Le financement humanitaire et l’action politique sont essentiels pour la population de Gaza.

Tout en faisant face à la crise immédiate, nous devons également trouver un moyen de redonner espoir en l’avenir aux jeunes de la population de Gaza – en leur donnant la possibilité d’obtenir un emploi, une éducation, un avenir. Cela nécessite avant tout une injection rapide d’argent dans l’économie de Gaza. L’appui aux programmes de création d’emplois et de travail contre rémunération gérés par la Banque mondiale, l’UNRWA, le PNUD et d’autres créerait des emplois et générerait des revenus pour de nombreuses familles de la bande. Deuxièmement, l’amélioration de l’approvisionnement en électricité aurait un impact positif sur la vie quotidienne de tous les habitants de Gaza. Parmi les autres mesures possibles figurent l’élargissement de la zone de pêche et l’octroi de permis de travail aux Palestiniens de Gaza pour travailler en Israël.

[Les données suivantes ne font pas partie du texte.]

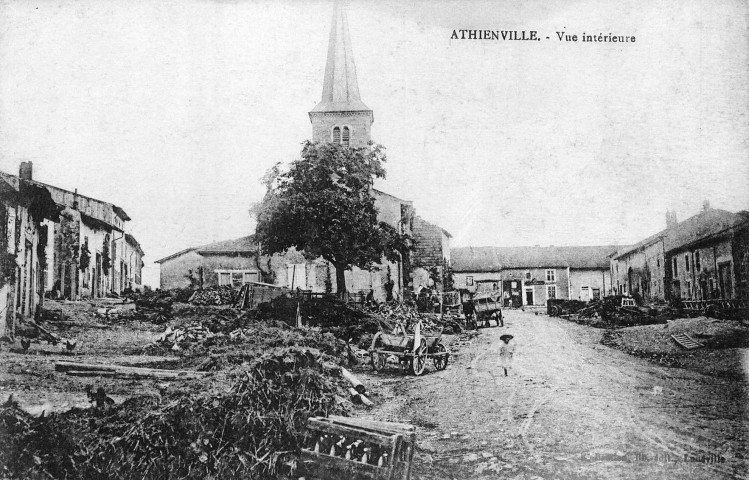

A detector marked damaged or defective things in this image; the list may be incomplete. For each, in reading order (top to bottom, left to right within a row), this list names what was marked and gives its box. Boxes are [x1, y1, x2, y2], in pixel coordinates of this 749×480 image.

damaged stone building [0, 163, 145, 302]
damaged stone building [448, 246, 616, 306]
damaged stone building [612, 204, 748, 302]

Les derniers mois ont été marqués par des améliorations dans la circulation et l’accès des Palestiniens à Gaza avec l’ouverture du terminal de Rafah avec l’Égypte pendant le mois de Ramadan. Il y avait également une augmentation des approbations israéliennes d’articles habituellement limités à l’importation à Gaza. Cependant, il faudra beaucoup plus pour remédier à la détérioration de la situation humanitaire à long terme.

À court et à moyen terme, il est essentiel que nous travaillions sur plusieurs fronts à la fois. En priorité, nous devons assurer un soutien suffisant à l’assistance humanitaire sur le terrain. Deuxièmement, nous devons faire tout ce qui est en notre pouvoir pour veiller à ce que l’UNRWA continue de fournir ses services essentiels à la population. Troisièmement, nous devons rechercher des mesures immédiates pour renforcer l’infrastructure de Gaza afin que les systèmes d’énergie, d’eau et de santé restent intacts. Enfin, l’appui à l’économie de Gaza avec des programmes visant à créer des emplois et à re-dynamiser les secteurs industriels de Gaza devrait progresser. Sans progrès sur tous ces fronts, l’ONU ne sera pas en mesure de répondre aux besoins et de redonner espoir aux habitants de Gaza.

i Banque mondiale, Rapport de suivi économique présenté au Comité de liaison ad hoc, 19 mars 2018, paragraphe 5, disponible à l’adresse http://documents.worldbank.org/cured/en/324951520906690830/pdf/124205-WP-PUBLIC-MAR14- 17H00-2018-AHLC-Report.pdf.
ii Bureau central de statistique palestinien (PCBS), Enquête sur les dépenses et la consommation des ménages, octobre 2016 – septembre 2017, disponible à l’adresse http://www.pcbs.gov.ps/Downloads/book2368.pdf.
iii PCBS, Enquête sur les forces de travail (janvier à mars 2018), disponible à l’adresse http://www.pcbs.gov.ps/portals/_pcbs/PressRelease/Press_Fr_8-5-2018-LF-en.PDF.
iv Save the Children, la génération d’enfants à Gaza au bord d’une crise de santé mentale, selon une nouvelle étude, 1 juin 2018, disponible à l’adresse https://www.savethechildren.net/article/generation-children-gaza-brink- santé mentale-crise-nouvelle-recherche-montre.

Jamie McGoldrick a été nommé coordonnateur humanitaire et coordonnateur résident des Nations Unies pour le territoire palestinien occupé en février 2018. Au cours de ses précédentes missions, il a été nommé représentant résident du PNUD et coordonnateur régional pour le Yémen et le Népal en 2015. et 2013, respectivement, et en tant que représentant résident du PNUD et CR en Géorgie à partir de 2009.